Luleå University of Technology, Department of Engineering Sciences and Mathematics, Wood Science and Engineering.
2003 (English)In: Forest products journal, ISSN 0015-7473, Vol. 53, no 2, p. 78-86Article in journal (Refereed) Published
Abstract [en]

Today the sawmill industry is in possession of sophisticated measuring devices for sawlogs. This equipment is employed in practice for measuring log dimensions, and the data gathered are used for sorting out sawlogs according to different criteria or for judging potential quality for future end-uses. However, a lot of these data are not fully utilized.
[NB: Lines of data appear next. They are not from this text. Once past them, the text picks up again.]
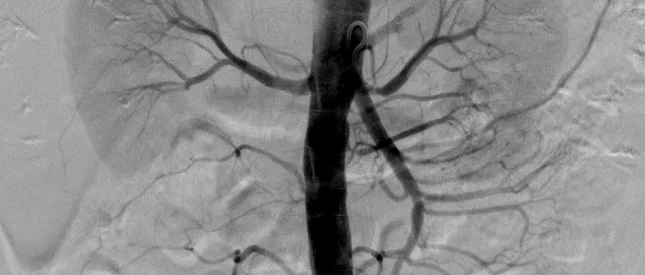 Peripheral Intervention 7.jpg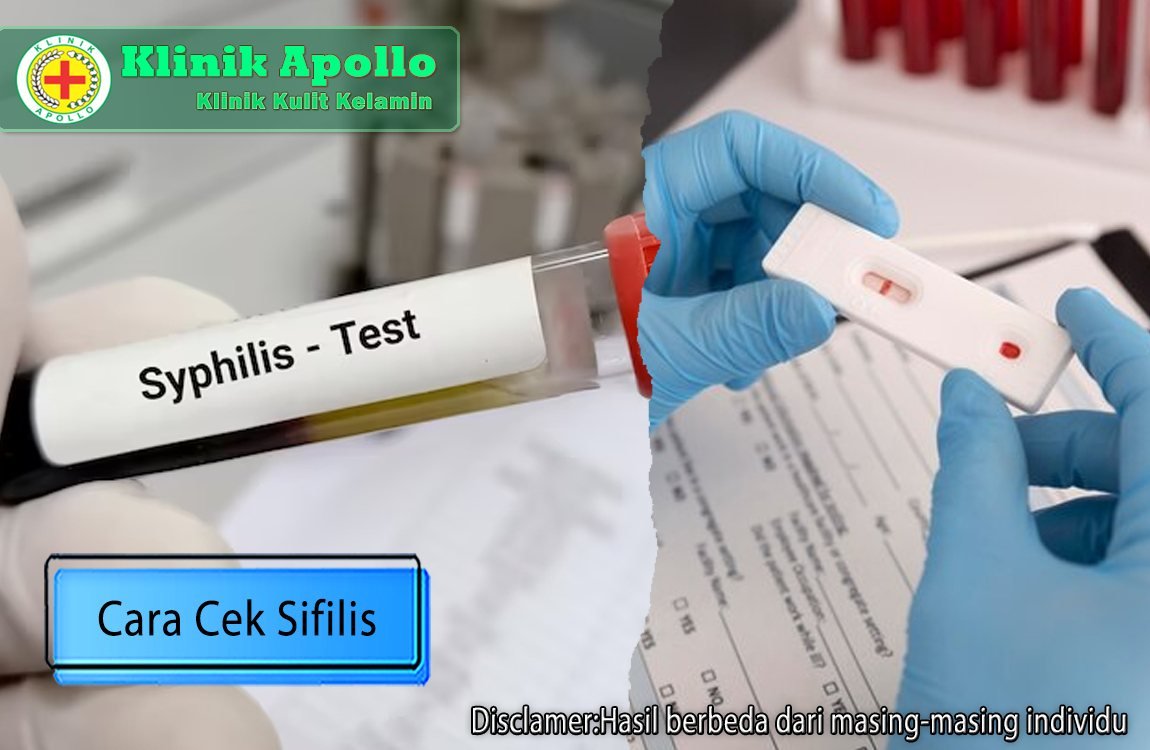 Cara cek sifilis yang paling tepat dan cepat hanya ada di Klinik Apollo Jakarta.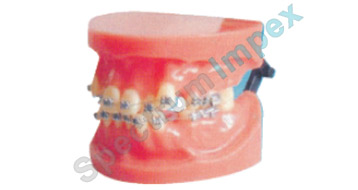 Fixed Orthodontic Model (Dislocation)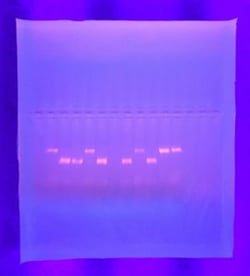 PCR and gel electrophoresis results SA 2016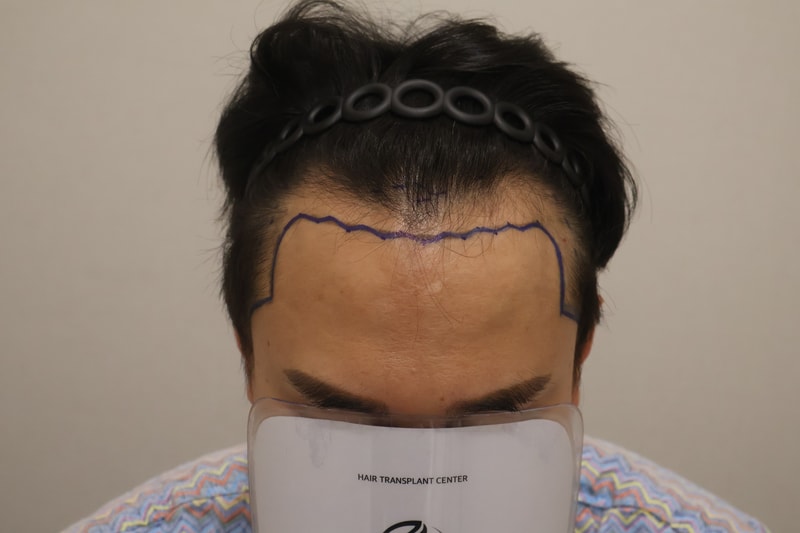 동탄 헤어로 3700모 9개월 경과 후기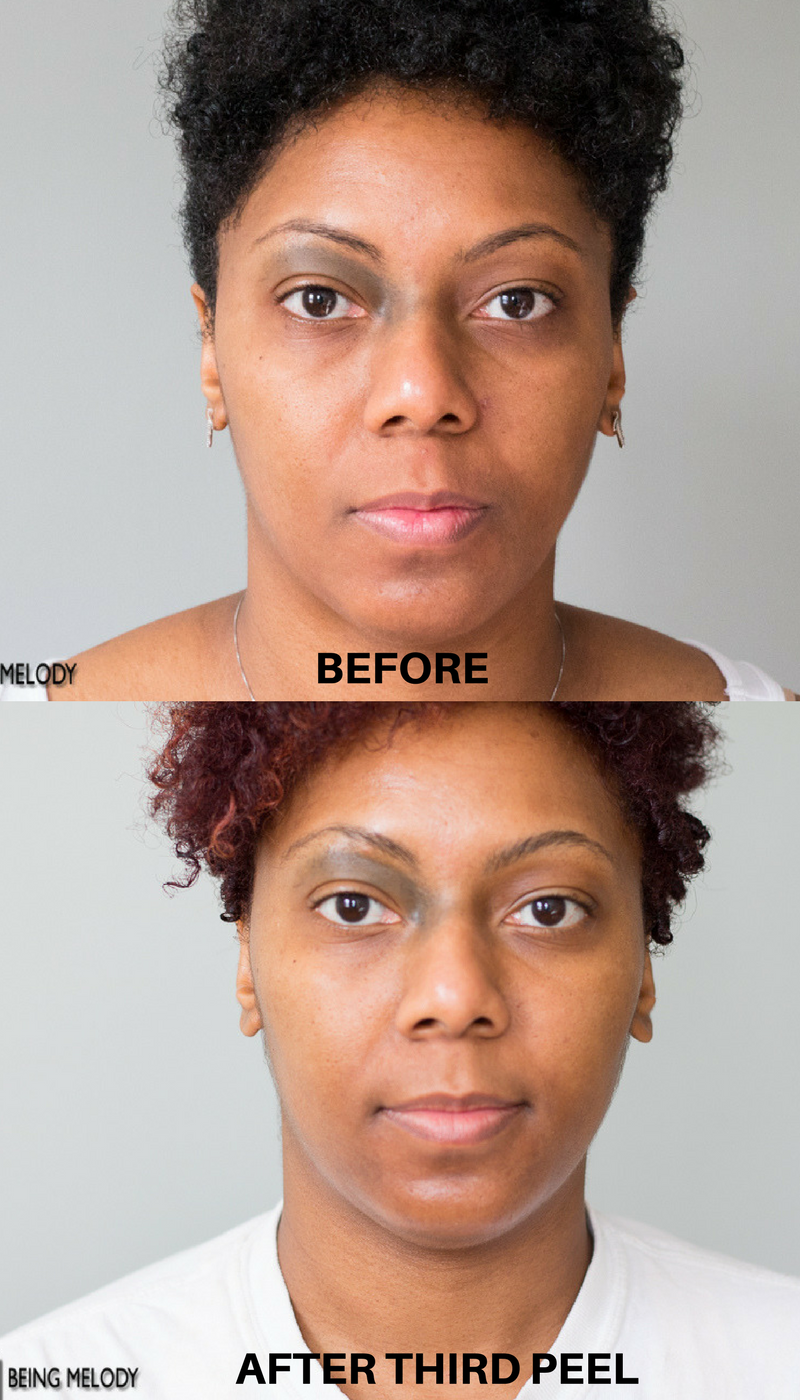 Before Chemical Peel and After Third Chemical Peel #melodysaboutface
Meanwhile, large knowledge gaps regarding the flow and the origin of the wood material persist in the sawmill's daily routine. For sawmills performing presorting of sawlogs, the most significant information gap is located between the log sorting station and the saw intake where the log batch identity disappears and the logs are mixed according to different sorting criteria. This study attempts to use the data generated by 2-axis log scanners to develop a traceability system, the fingerprint approach (a marking/reading free system), between the log sorting station and the saw intake. The originality of the fingerprint approach is based on the biological variability of the wood material; the assumption is that each sawlog is a unique individual with unique features. Measuring these features at the log sorting station and at the saw intake and then connecting them to a common database will in fact permit each individual sawlog to be followed within the sawmill and thus enable the development of an advanced raw material flow control. The results of this work entirely indicate the promising potential of the fingerprint approach, which is based on the hypothesis that logs are separate entities with individual features. Being able to separate logs at the individual level is essentially a question of taking advantage of the right log features, measuring them with high accuracy, and employing appropriate search/recognition algorithms. The log parameters and the measurement accuracy generated by the 2-axis log scanner used in this study were not enough to accomplish individual separation for more than 34 percent of the logs. An improvement of measurement accuracy by 30 percent would allow 50 percent of the logs to be individually separated.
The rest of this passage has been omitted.